Adding Free e-Books to the Library Catalog
This project was supported by a Library Services and Technology Act (LSTA) granted to Santa Clara County Library District (SCCLD) from the California State Library to fund the exploration of the effect of including public domain e-books in the library's catalog for discovery by users, and to observe whether e-book use would increase for the selected books. The project was conducted between July 2013 and June 2014. The resulting software is available as Open Source at https://github.com/galecia/openlibrary-utils
Background
There exist today a number of sources of free, open e-books: Project Gutenberg, Google, Internet Archive, HathiTrust, and others. While some savvy users know to look for these, others are unaware that the book they may be seeking is available at one of these sites.

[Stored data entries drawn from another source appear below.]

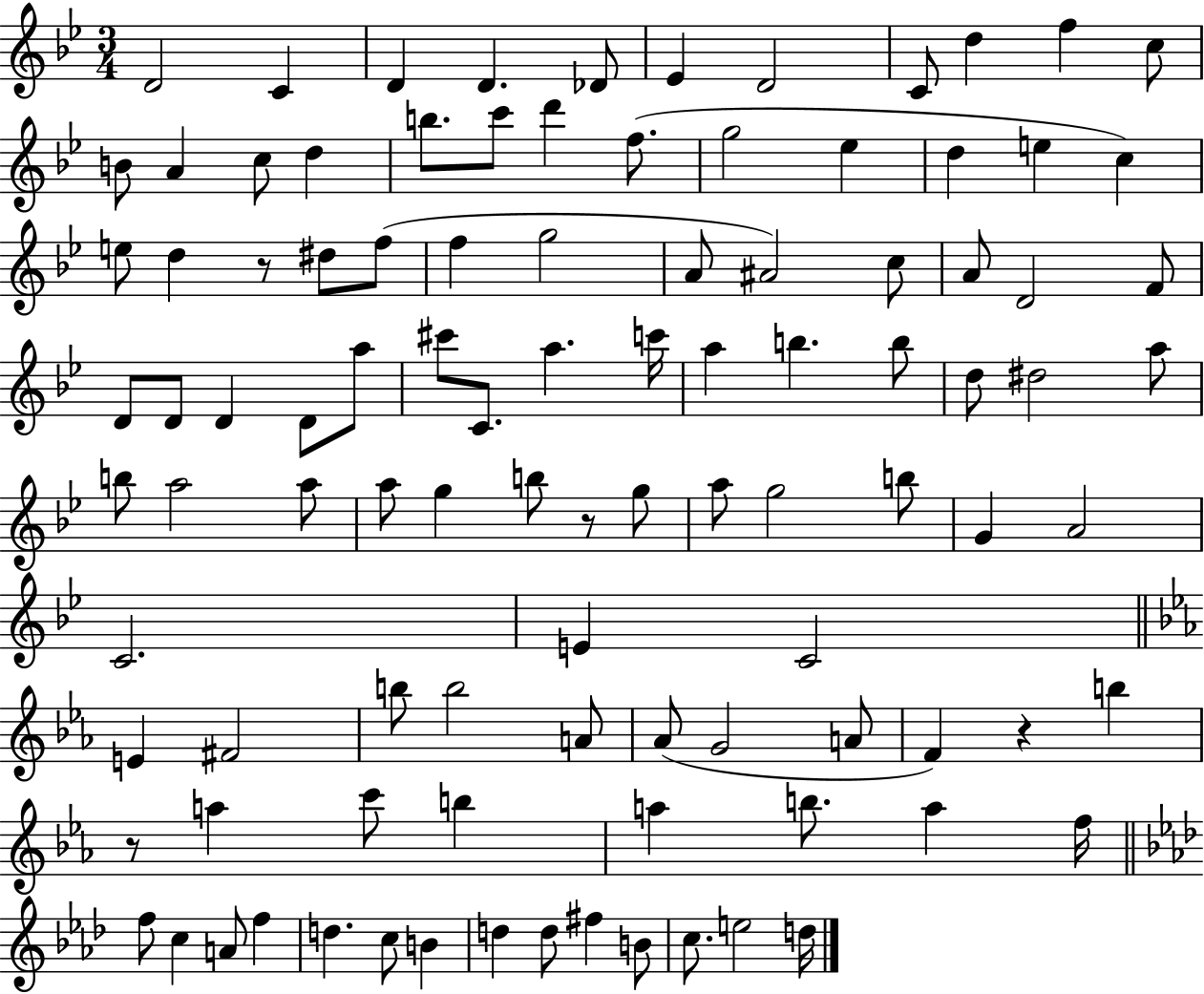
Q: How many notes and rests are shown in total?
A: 101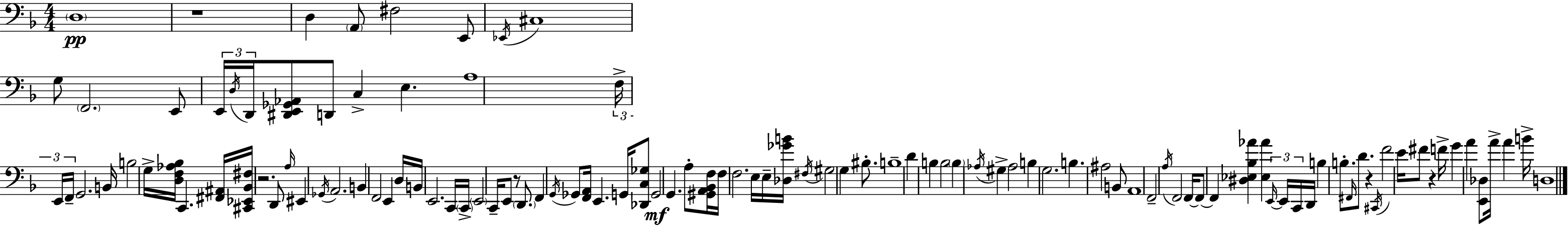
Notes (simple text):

D3/w R/w D3/q A2/e F#3/h E2/e Eb2/s C#3/w G3/e F2/h. E2/e E2/s D3/s D2/s [D#2,E2,Gb2,Ab2]/e D2/e C3/q E3/q. A3/w F3/s E2/s F2/s G2/h. B2/s B3/h G3/s [D3,F3,Ab3,Bb3]/s C2/q. [F#2,A#2]/s [C#2,Eb2,Bb2,F#3]/s R/h. D2/e A3/s EIS2/q Gb2/s A2/h. B2/q F2/h E2/q D3/s B2/s E2/h. C2/s C2/s E2/h C2/s E2/e R/e D2/e. F2/q G2/s Gb2/e [F2,A2]/s E2/q. G2/s [Db2,C3,Gb3]/e G2/h G2/q. A3/e [G#2,A2,Bb2,F3]/s F3/s F3/h. E3/s E3/s [Db3,Gb4,B4]/s F#3/s G#3/h G3/q BIS3/e. B3/w D4/q B3/q B3/h B3/q Ab3/s G#3/q Ab3/h B3/q G3/h. B3/q. A#3/h B2/e A2/w F2/h A3/s F2/h F2/s F2/e F2/q [D#3,Eb3,Bb3,Ab4]/q [Eb3,Ab4]/q E2/s E2/s C2/s D2/s B3/q B3/e. F#2/s D4/e. R/q C#2/s F4/h E4/s F#4/e R/q F4/s G4/q A4/q [E2,Db3]/e A4/s A4/q B4/s D3/w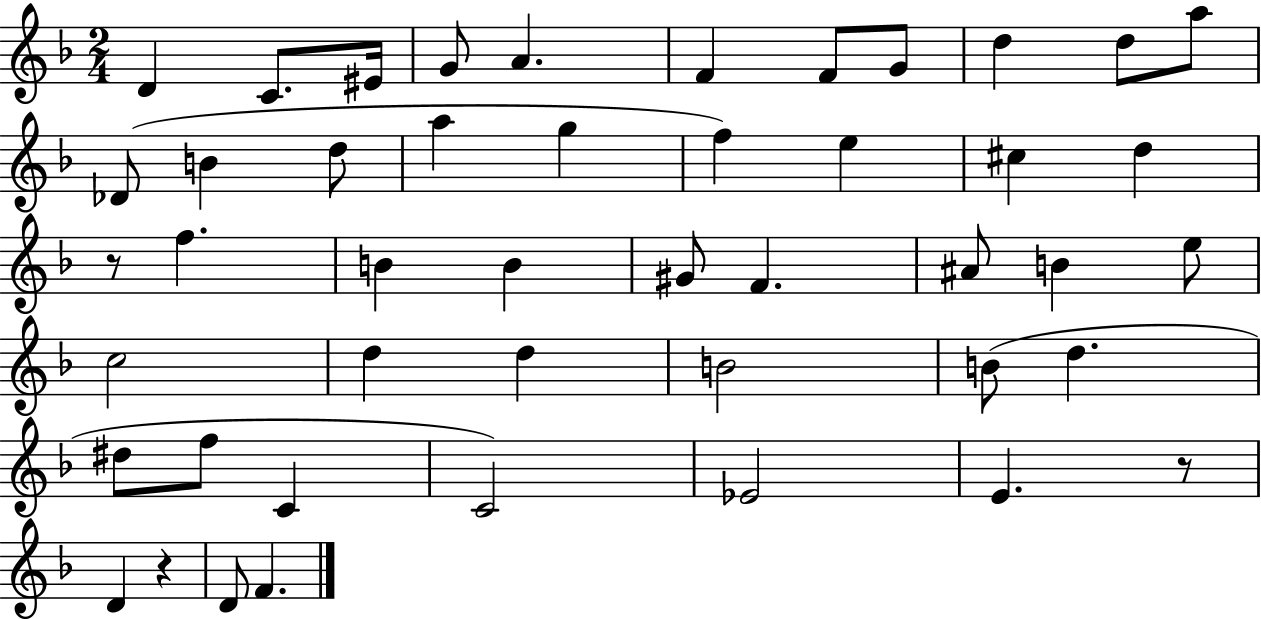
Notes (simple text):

D4/q C4/e. EIS4/s G4/e A4/q. F4/q F4/e G4/e D5/q D5/e A5/e Db4/e B4/q D5/e A5/q G5/q F5/q E5/q C#5/q D5/q R/e F5/q. B4/q B4/q G#4/e F4/q. A#4/e B4/q E5/e C5/h D5/q D5/q B4/h B4/e D5/q. D#5/e F5/e C4/q C4/h Eb4/h E4/q. R/e D4/q R/q D4/e F4/q.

It is also the case that the books most sought by readers are not easy to find among the many millions of digital books in these online databases, not only because of the size of the database but because there is often a mix of public domain books and books that are restricted by copyright.
The circulation of e-books protected by copyright and vendor licenses is a complex function that cannot be performed by the library catalog or circulation module without considerable time and effort, which most libraries choose not to pursue.. Instead, e-books are delivered through a vendor system that is outside of the library. To suport this, e-book vendors create a separate interface for library patrons to use to discover and obtain the e-books. The confusion generated by these multiple e-book interfaces (each e-book vendor has their own), was reduced somewhat when the e-book vendors began providing MARC records so that patrons could discover e-books inside the library catalog. The links in those MARC records still took the user to the vendor interface for e-book selection and check-out.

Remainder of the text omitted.